Autotune the Harness: Baking the Improvement Loop into ContextOS

Autotune is a dangerous word because it sounds automatic.

Most teams hear it and picture a background job that rewrites prompts after a few bad answers. That is not autotune. That is an unreviewed deployment pipeline with a better name. If the system can change its own instructions, retrieval budgets, tool preferences, or approval thresholds without replay, scorecard guardrails, and a rollback path, it is not learning. It is mutating.

The useful version is stricter: autotune proposes bounded harness changes against a declared metric, proves them on replay, and sends the winner through the same release path as any other ContextOS artifact.

This post fills the gap between the earlier pieces:

Prior post	What it covers	What this post adds
From Operator Correction to Released StrategyRule	One correction becoming one StrategyRule	Recurring, metric-driven candidate search
Replay Harness in Code	Reproducing a DecisionRecord from pinned inputs	Using replay as the autotune scoring engine
Pack Rollout in Five Stages	Shipping one candidate safely	How autotune emits release-ready candidates
The Eight-Property Harness Audit	Whether the harness is production-ready	Whether the harness can improve itself without losing control

The short version: ContextOS already has the substrate. DecisionRecords give evidence. Scorecards give metrics. Replay gives cheap historical testing. The Improvement Loop gives typed proposals. Rollout gives blast-radius control. Autotune is the loop that connects those pieces without bypassing governance.

The research signal

The useful research direction is not “make the prompt longer.” It is “treat the harness as the optimization target.”

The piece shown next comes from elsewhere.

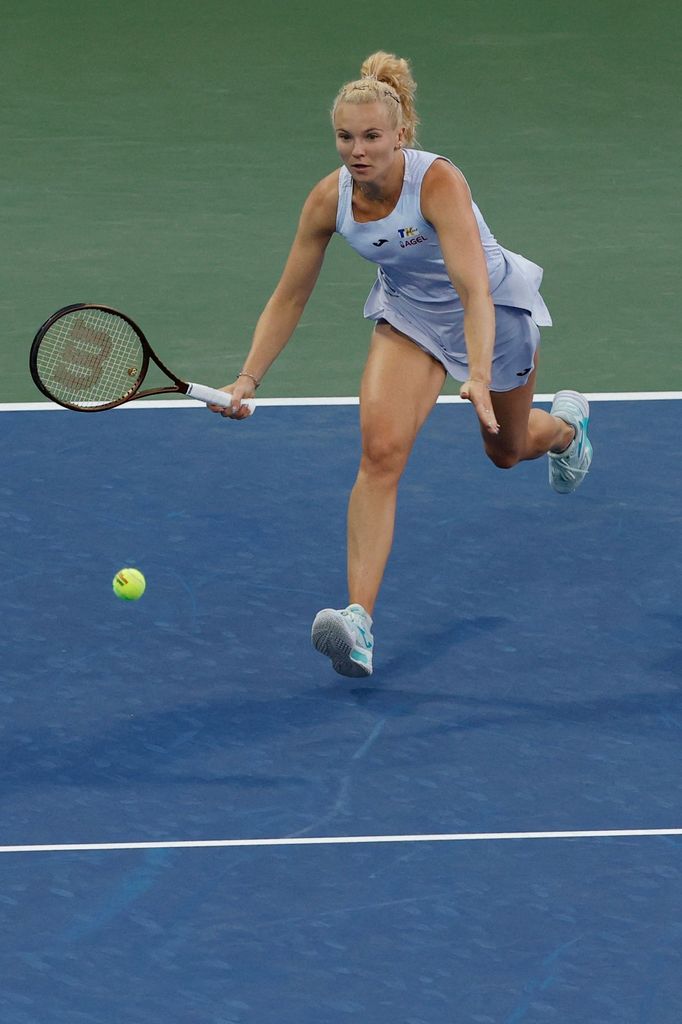 Kateřina Siniaková při utkání 1. kola US Open 2025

The Meta-Harness work from Stanford / MIT / KRAFTON, “Meta-Harness: End-to-End Optimization of Model Harnesses”, makes the point directly: changing the surrounding harness while holding the model fixed can produce large performance swings. Their loop stores prior code, scores, and traces, then searches over harness variants. That maps cleanly to ContextOS: the thing being tuned is not just text. It can be a context pack, retrieval rule, planner skill, evaluator rubric, approval threshold, or tool-selection strategy.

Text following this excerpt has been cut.